サーキット走行の必需品「レーシンググローブ」を選ぶポイント
ヘルメットや長袖&長ズボンに加え、サーキット走行に必要な装備として、忘れてはいけないのがグローブだ。世の中には数え切れないほどの製品が出まわっているが、初心者が選ぶべきグローブとはどんなモノだろうか。
操作性と安全性を追求するもの
サーキット走行でレーシンググローブが必須とされる理由、それは『操作性』と『安全性』のふたつに分けられる。素手のままじゃステアリングやシフトノブが滑りやすく、大きな事故に繋がる操作ミスを起こしかねないし、緊張や車内の熱で汗をかけばその可能性はさらに上がる。
また車両火災が発生したとき皮膚が露出しているのは危険だし、クラッシュにより割れたガラスなどで傷を負う可能性も少なくない。ただし手を覆うことができれば何でもいい、というワケではないので注意が必要だ。例えば軍手。クルマに積んでいる人も多いとは思うけれども、用途はあくまで作業におけるケガの防止のためであり、決して運転を想定したアイテムではないのだ。

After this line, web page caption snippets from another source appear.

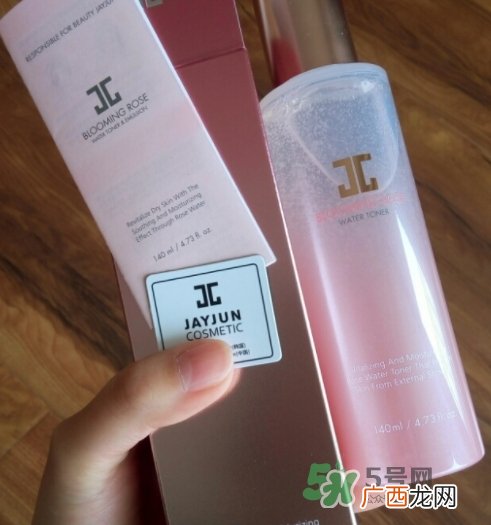jayjun玫瑰爽肤水怎么用？jayjun玫瑰爽肤水精华水用法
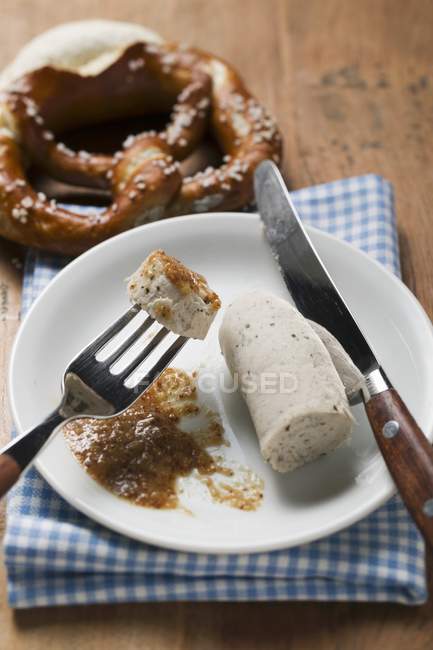 Weisswurst cotto con senape — Foto stock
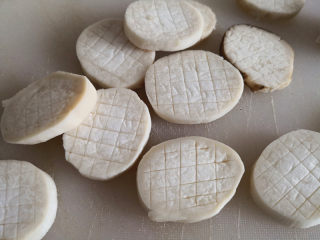 2、蚝油杏鲍菇,切成片，大约6mm左右，在一面横着切几刀，再竖着切几刀，成网状花纹，方便入味，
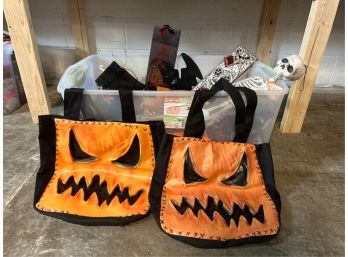 GROUP OF TRICK OR TREAT BAGS, ETC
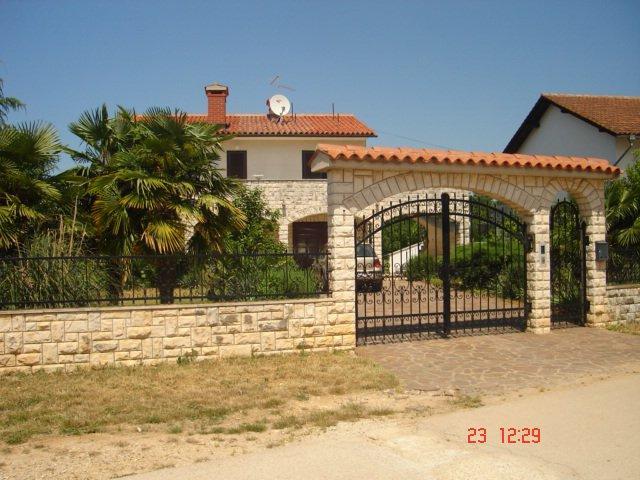 פורץ Apartments Mihael And Melani מראה חיצוני תמונה
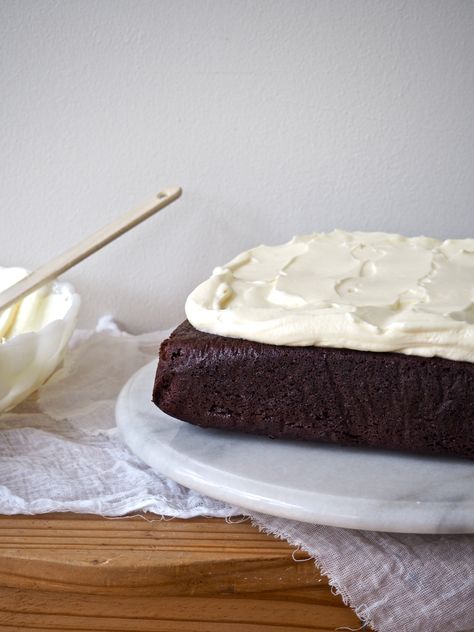 Nigella Lawson's Chocolate Guinness Cake Nigella Guinness Cake, Guinness Chocolate Cake Recipe, Guinness Chocolate Cake With Baileys Frosting, Chocolate Guinness Cake Nigella, Nigella Lawson Chocolate Cake, Chocolate Guinness Cake, Guinness Chocolate, Guinness Cake, Green Cafe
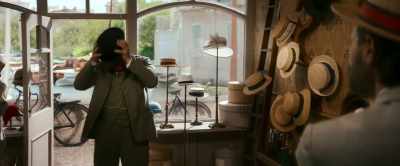 Bonjour, monsieur. - Downton Abbey: A New Era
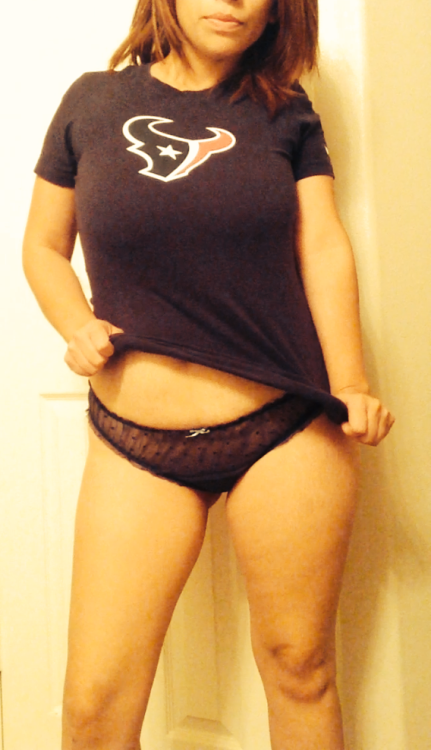sweetparadise26:  sweetparadise26:  for all my Texans fans as requested 🏈😁👌👋🙌 (forgive my hair & makeup it’ll be a game day spent in bed for me) #selfie 💋  in honor of the win today 💋#reblog #selfie 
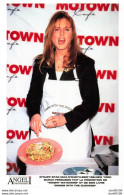 SARAH FERGUSON FAIT LA PROMOTION DE WEIGHT WATCHERS ELLE MONTRE UNE ASSIETTE DU DOIGT  PHOTO DE PRESSE ANGELI - Célébrités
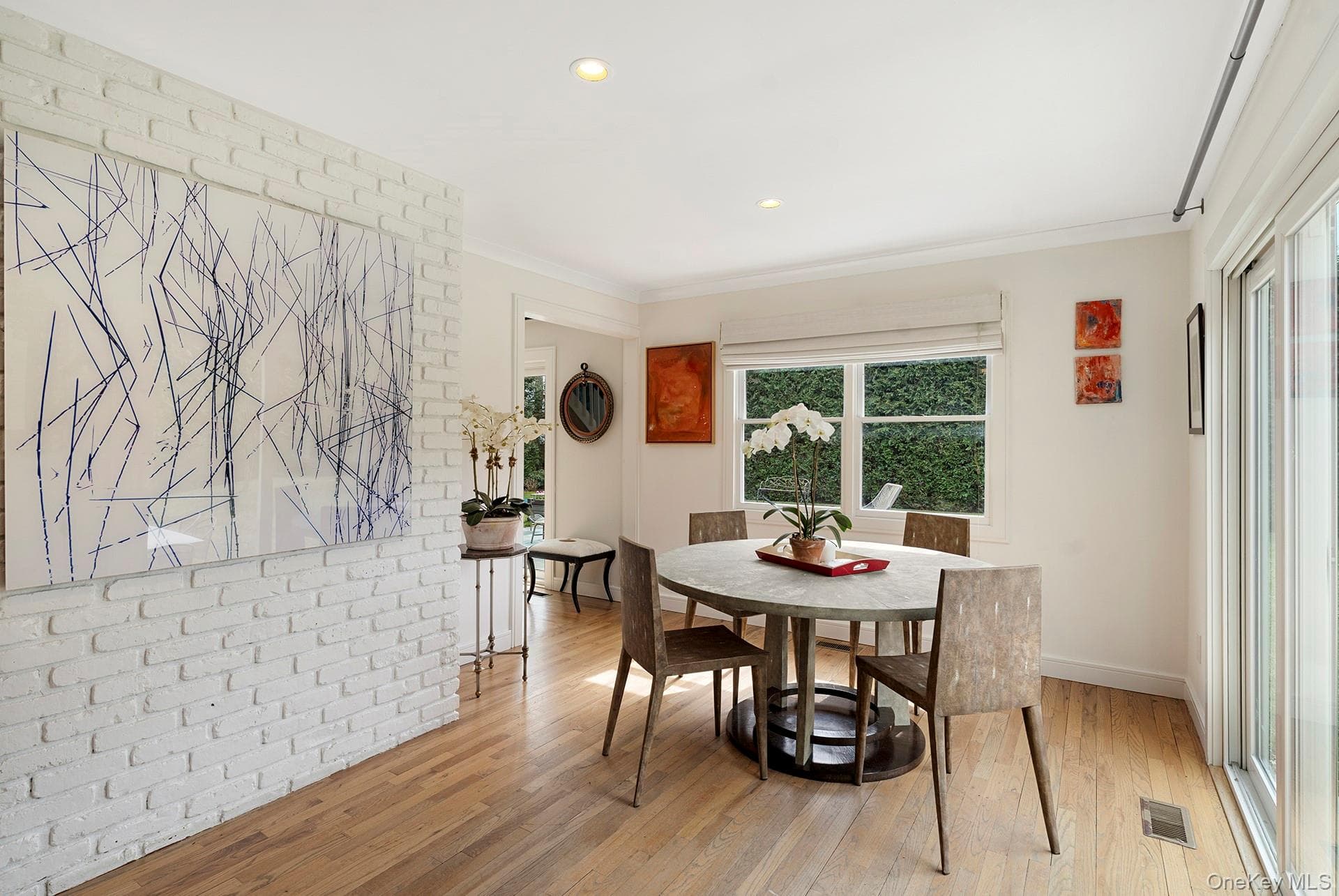 770 Hill Street thumbnail 11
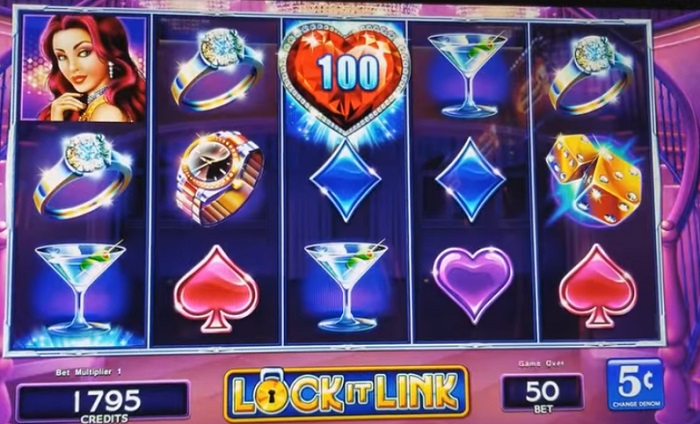 Locking hearts slot machine
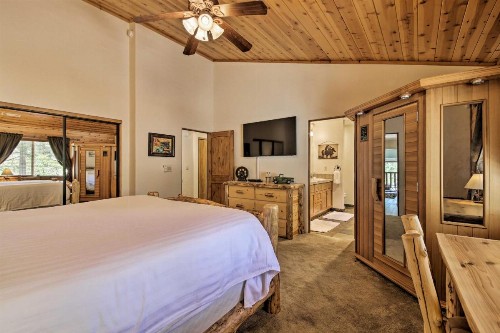 Luxe Castle Glen Home- Hot Tub 2 Decks Game Room - image 4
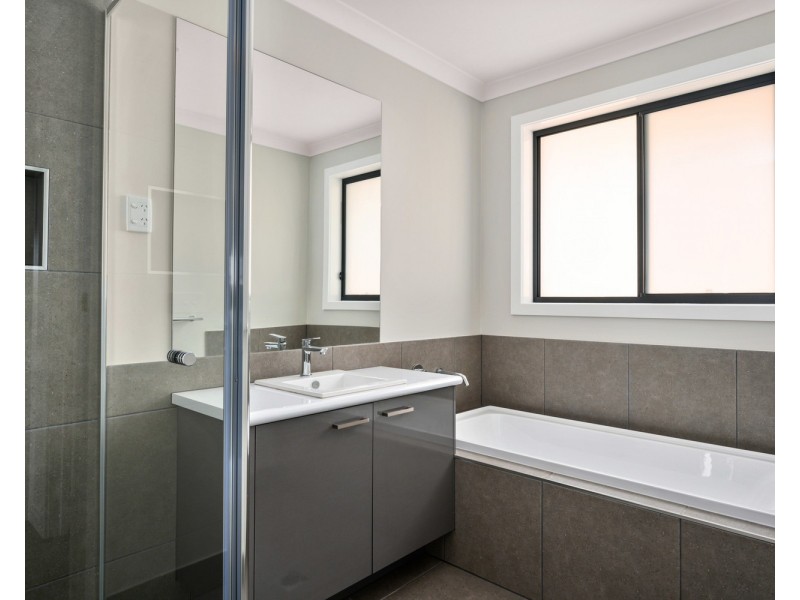 36 Rogers Avenue, Wodonga VIC 3690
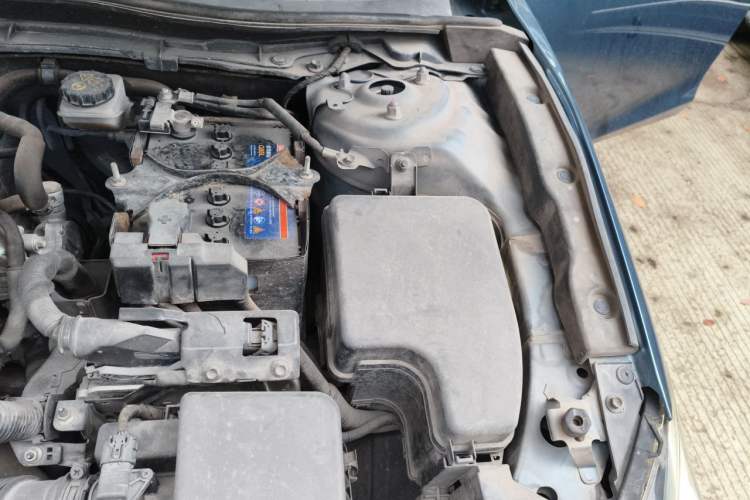 Used Mazda 3 Axela 2016 Sedan 1.5L Automatic Luxury Model Engine Bay Left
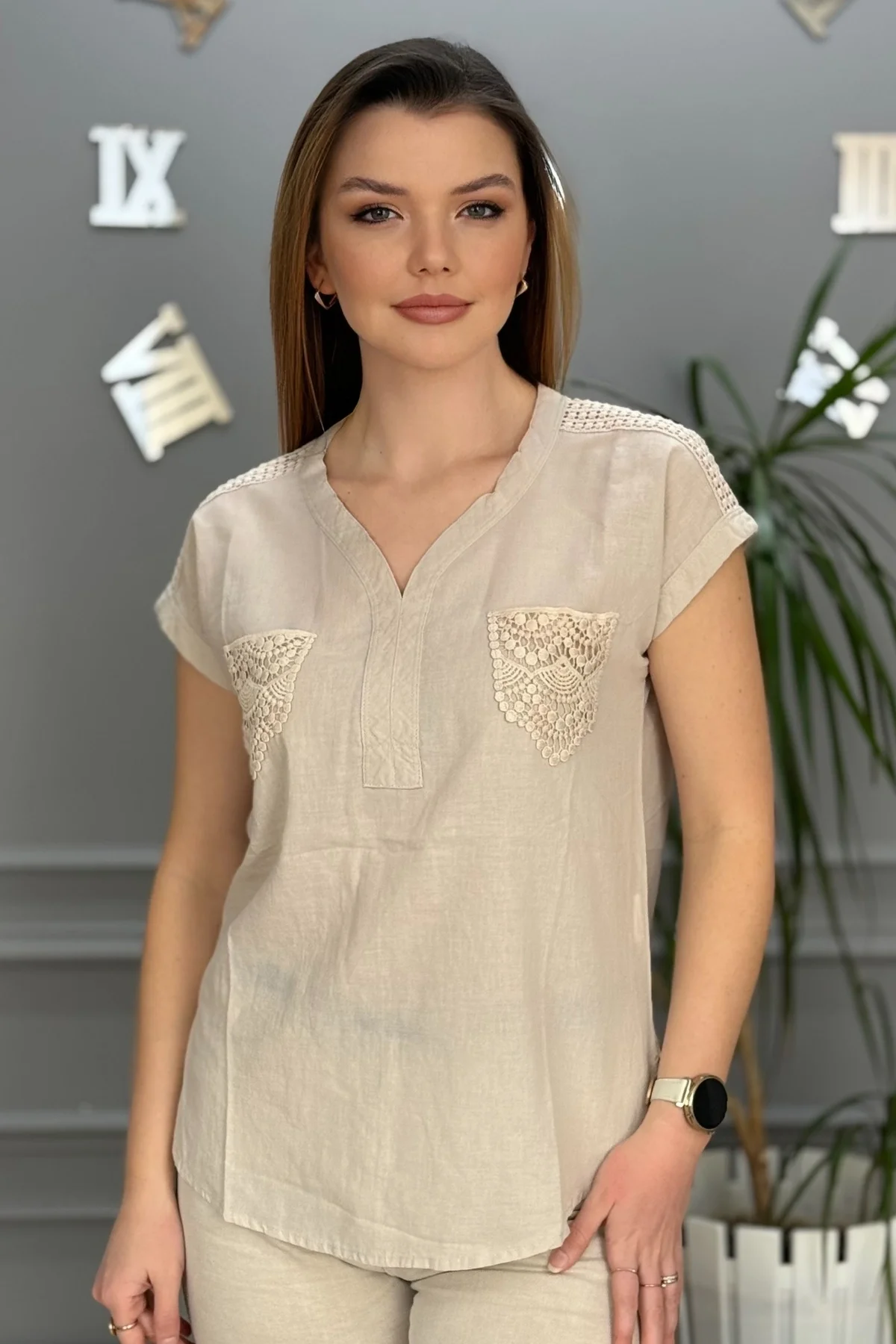 Kadın BEJ rengi Omzu Ve Cebi Güpürlü Keten Kumaş Kısa Kol Buluz Gömlek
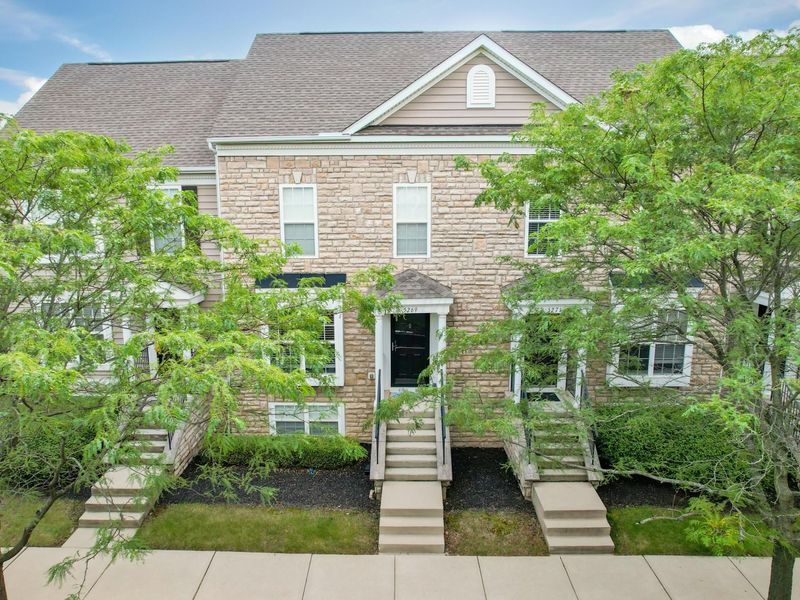 5269 Cross River Falls Boulevard, Unit 38, Dublin, OH 43016 Photo 3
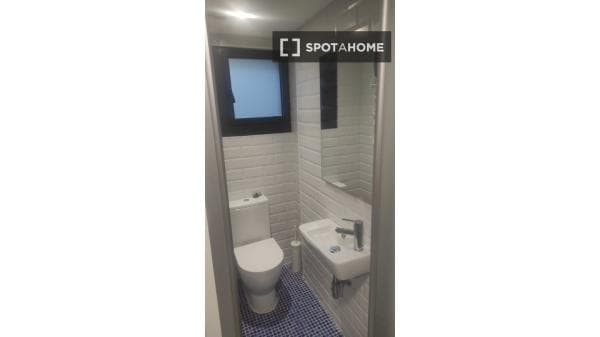 Estudio en alquiler en Carrer del Manzanares, Barcelona thumbnail 1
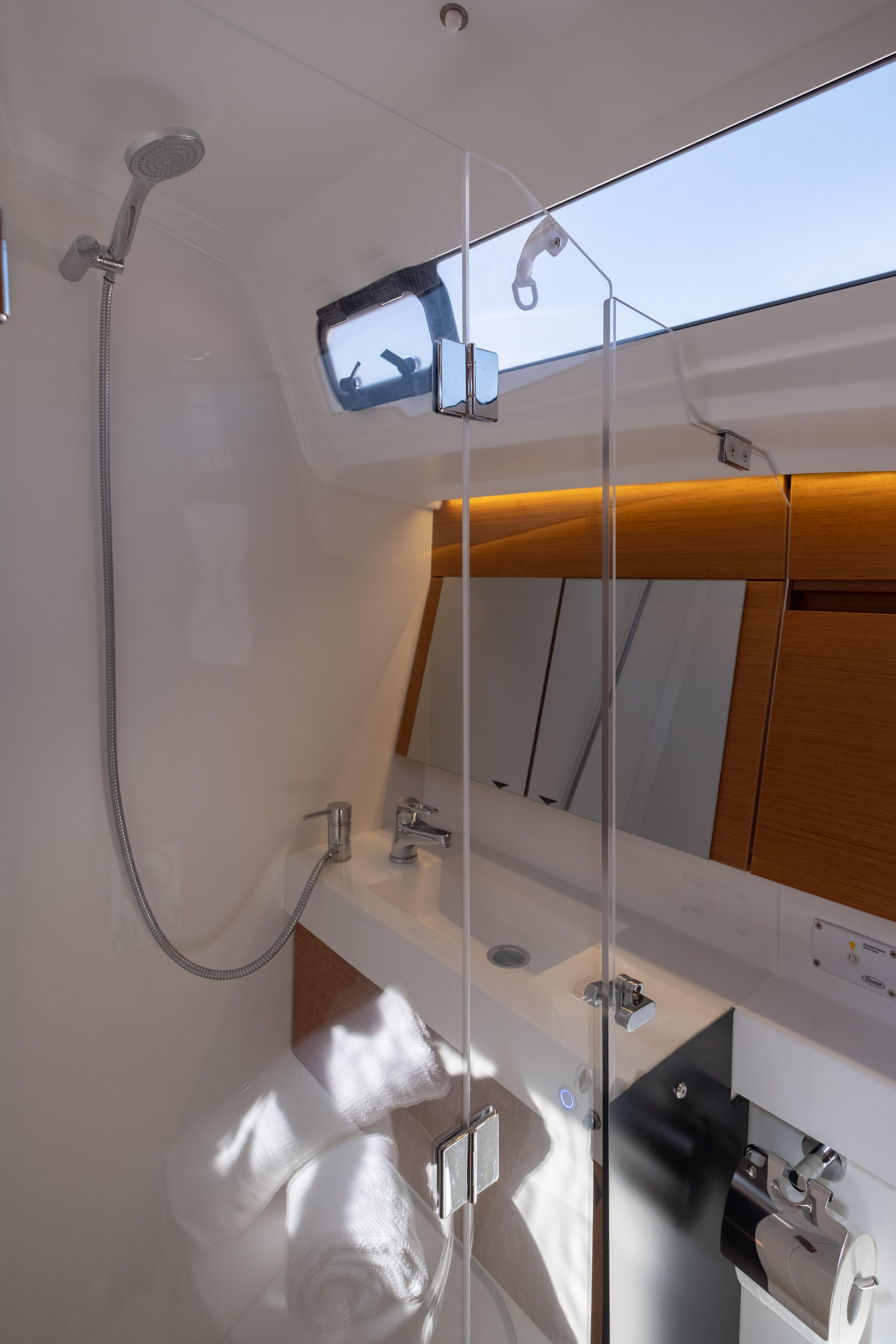 Photo #38 - Sun Odyssey 410 (Sammy) en Lefkada - 12032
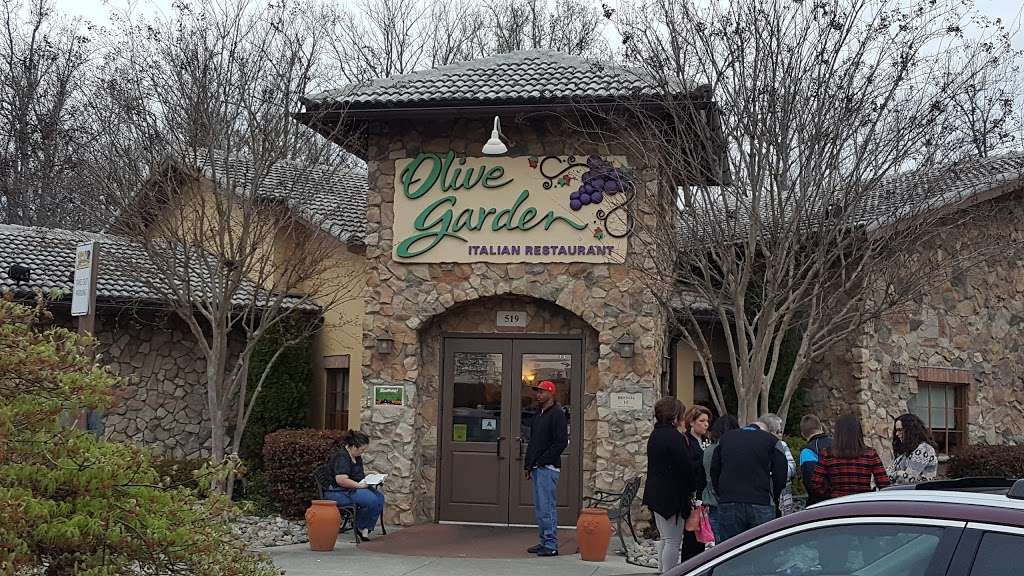 Olive Garden Italian Restaurant | 519 John Ross Pkwy, Rock Hill, SC 29730, USA | Phone: (803) 980-0125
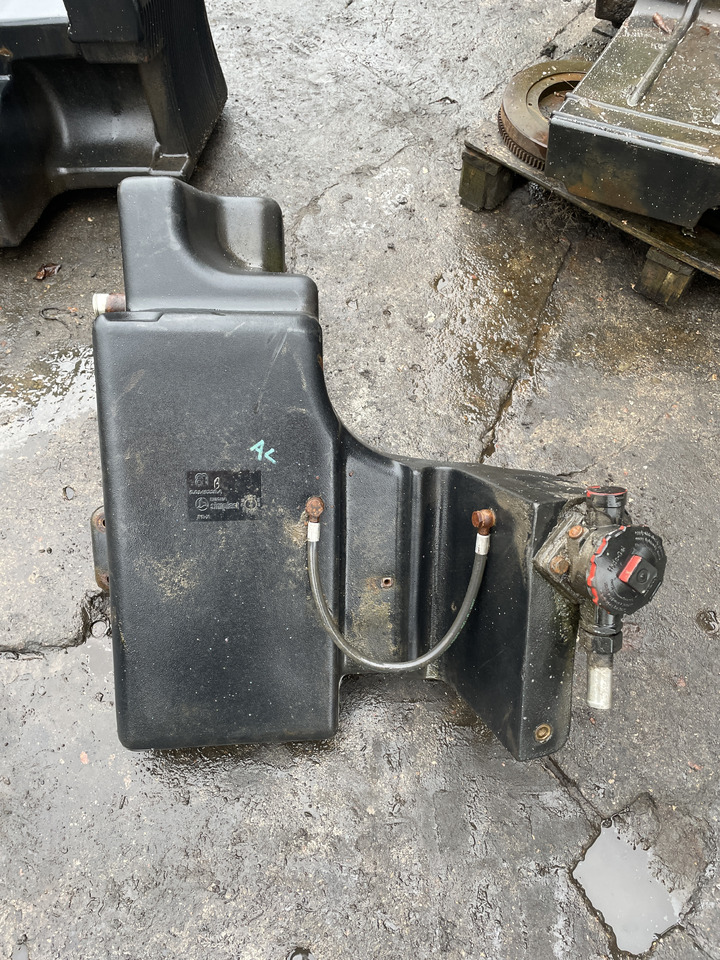 Deutz Fahr Agrotron - zbiornik paliwa 001492284 - Tangki bahan bakar: gambar 1 Deutz Fahr Agrotron - zbiornik paliwa 001492284 - Tangki bahan bakar: gambar 1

試しに軍手をしてステアリングを回してみよう。素手よりはるかに滑りやすく、正確な操作などは不可能とわかるはずだ。では滑り止めの付いた軍手はどうだろう。操作性に限定すれば素手よりマシかもしれないが、車両火災に対しては通常の軍手と変わらず無力。化学繊維を使わず難燃性に配慮した製品もあるとはいえ、あえてレーシググローブではなく軍手を選ぶ理由はないし、主催者としても見た目で判断できない以上は使用禁止とするしかない。
もうひとつは最近ではあまり見なくなった、指先が露出するタイプのドライビンググローブ。多くは革製で表面がパンチング加工されていたり、操作性に関しては申し分がないと思われる。
難燃性素材で広く手首まで覆うもの
続いて本題のレーシンググローブについて説明しよう。まずは見た目でわかりやすい形状から。耐寒用の手袋は別として軍手や作業用グローブは、あくまで指先から手の平までを覆っている。対してレーシンググローブは裾口が長く手首までカバーしており、その分だけ肌が露出するのを防ぎ安全性を高めているのだ。また素材はいわゆる公認レースと呼ばれるカテゴリーでは、ノーメックスに代表される難燃性の繊維を使わなければならない。FIA(国際自動車連盟)の認定を受けた製品であるかどうかを、競技の前に行われる車検で必ずチェックされる。
サイズはS/M/Lといった表記が目安にはなるものの、実際の寸法はメーカーによって微妙に異なっている。カタログやウェブサイトに掲載されているサイズチャートを参考にしたり、可能であれば実際の商品を試着したうえで購入するのがベスト。
最後に交換するタイミングを解説したい。生地が擦り切れたり穴が空いてしまえば当然として、表面に貼ってある滑り止めのシリコンなどが消えたら、本来の性能は発揮できなくなったと判断し買い替えるべし。出費を惜しんでドライビングに支障をきたしたり自分の身を危険に晒すより、消耗の激しさはたっぷり走り込んだ勲章と考えて早めの新調を心がけよう。